タレントの中居正広さんをめぐる問題で、テレビメディアや芸能界が揺れています。昨年12月26日、週刊文春の報道でフジテレビの女性アナウンサーも関係していることがわかり、同社へ説明を求める声が高まりました。今回の騒動から日本のコーポレート・ガバナンス(企業統治)について考えます。
報道を受けて、フジテレビは1月17日に港浩一社長らによる記者会見を開きました。今後、弁護士を中心とした第三者委員会の設置などにより調査を行うと表明しています。しかし、記者会見の実施形態などに批判が集中しました。同社の会見は、新聞社や通信社などに限られ、テレビ局やフリーの記者の取材が制限されたのです。
こうした同社の説明を回避する姿勢に対して、スポンサーが直ちに反応しました。会見の翌日(18日)には、トヨタ自動車や日本生命保険がフジテレビで放映しているCMを差し止めると発表。両社を皮切りに、NTT東日本など多くの企業のCMが公益社団法人ACジャパンの映像に差し替えられました。読売新聞によれば、CM差し止めは、現時点(22日)で75社となりました。

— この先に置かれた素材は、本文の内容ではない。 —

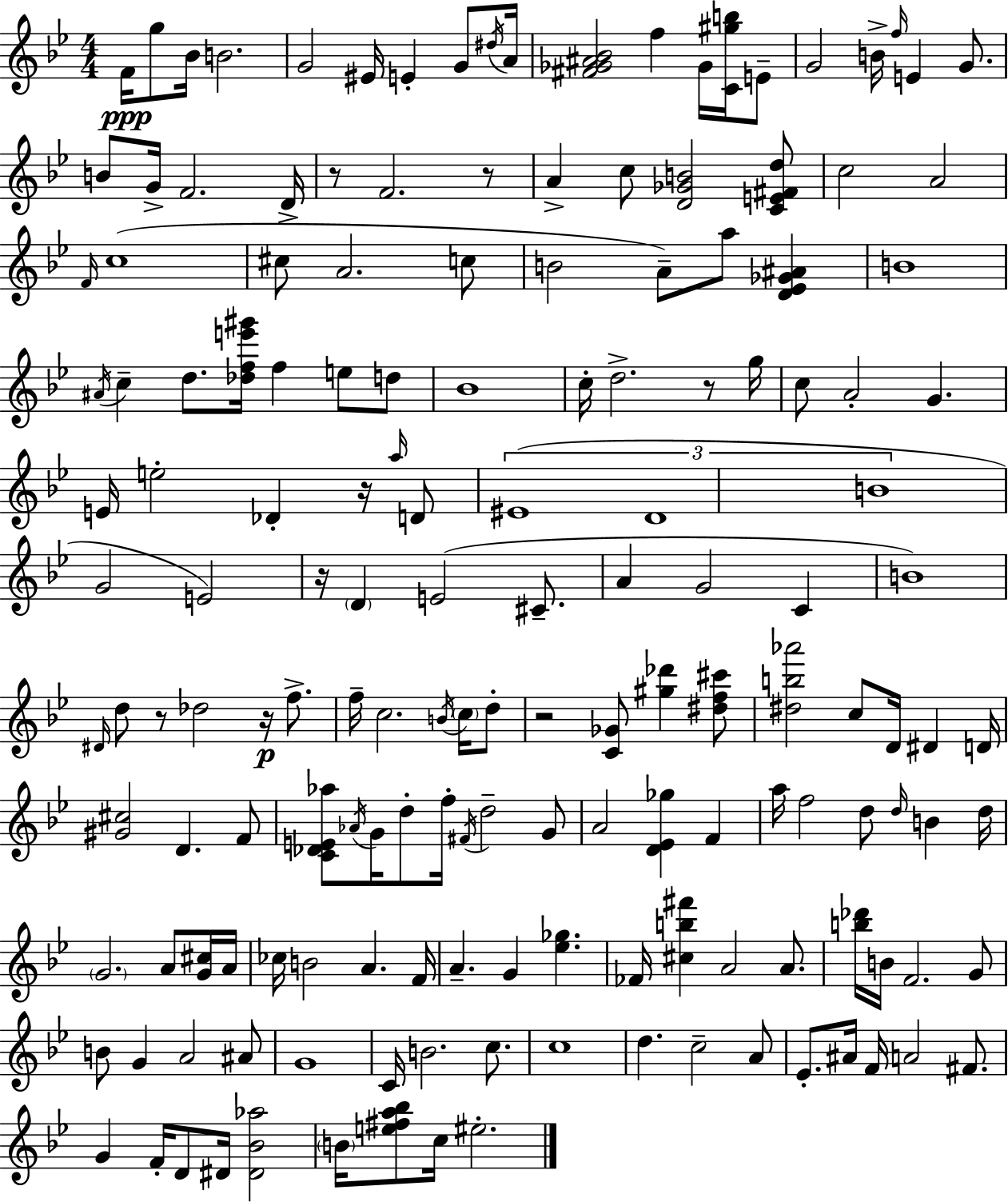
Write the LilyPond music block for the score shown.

{
  \clef treble
  \numericTimeSignature
  \time 4/4
  \key bes \major
  f'16\ppp g''8 bes'16 b'2. | g'2 eis'16 e'4-. g'8 \acciaccatura { dis''16 } | a'16 <fis' ges' ais' bes'>2 f''4 ges'16 <c' gis'' b''>16 e'8-- | g'2 b'16-> \grace { f''16 } e'4 g'8. | \break b'8 g'16-> f'2. | d'16-> r8 f'2. | r8 a'4-> c''8 <d' ges' b'>2 | <c' e' fis' d''>8 c''2 a'2 | \break \grace { f'16 } c''1( | cis''8 a'2. | c''8 b'2 a'8--) a''8 <d' ees' ges' ais'>4 | b'1 | \break \acciaccatura { ais'16 } c''4-- d''8. <des'' f'' e''' gis'''>16 f''4 | e''8 d''8 bes'1 | c''16-. d''2.-> | r8 g''16 c''8 a'2-. g'4. | \break e'16 e''2-. des'4-. | r16 \grace { a''16 } d'8 \tuplet 3/2 { eis'1( | d'1 | b'1 } | \break g'2 e'2) | r16 \parenthesize d'4 e'2( | cis'8.-- a'4 g'2 | c'4 b'1) | \break \grace { dis'16 } d''8 r8 des''2 | r16\p f''8.-> f''16-- c''2. | \acciaccatura { b'16 } \parenthesize c''16 d''8-. r2 <c' ges'>8 | <gis'' des'''>4 <dis'' f'' cis'''>8 <dis'' b'' aes'''>2 c''8 | \break d'16 dis'4 d'16 <gis' cis''>2 d'4. | f'8 <c' des' e' aes''>8 \acciaccatura { aes'16 } g'16 d''8-. f''16-. \acciaccatura { fis'16 } d''2-- | g'8 a'2 | <d' ees' ges''>4 f'4 a''16 f''2 | \break d''8 \grace { d''16 } b'4 d''16 \parenthesize g'2. | a'8 <g' cis''>16 a'16 ces''16 b'2 | a'4. f'16 a'4.-- | g'4 <ees'' ges''>4. fes'16 <cis'' b'' fis'''>4 a'2 | \break a'8. <b'' des'''>16 b'16 f'2. | g'8 b'8 g'4 | a'2 ais'8 g'1 | c'16 b'2. | \break c''8. c''1 | d''4. | c''2-- a'8 ees'8.-. ais'16 f'16 a'2 | fis'8. g'4 f'16-. d'8 | \break dis'16 <dis' bes' aes''>2 \parenthesize b'16 <e'' fis'' a'' bes''>8 c''16 eis''2.-. | \bar "|."
}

加えて、放送事業への監督権限を持つ村上誠一郎総務大臣も、同社の姿勢に対し、「適切に対応」してほしいと述べた上で、第三者委員会が独立性を確保した形で行われるよう要請しました。第三者委員会が日本弁護士連合会のガイドラインに沿わないものではないかとの疑問が噴出していたことを受けての発言です。
一方で米ダルトン・インベストメンツなどのファンドが、フジテレビに対して説明を求めています。ダルトンは、親会社にあたるフジ・メディア・ホールディングス(フジHD)株を7%保有しており、アクティビスト(物言う株主)として、第三者委員会の設置などを求める書簡を14日付けで送付しました。さらに、21日付で二度目の書簡を送付。フジテレビの対応を「真相隠蔽」として批判し、記者会見を再度開くよう注文をつけました。
日本では、1990年代に相次いだ企業不祥事を受け、欧米で一般的な「コーポレート・ガバナンス」(企業統治、CG)の概念が取り入れられてきました。そこには企業の不正や不祥事を防ぐことや透明性を高める取り組みが含まれます。2015年に金融庁などから「コーポレート・ガバナンス・コード」(企業統治指針)が示され、上場企業は遵守する姿勢を明らかにしています。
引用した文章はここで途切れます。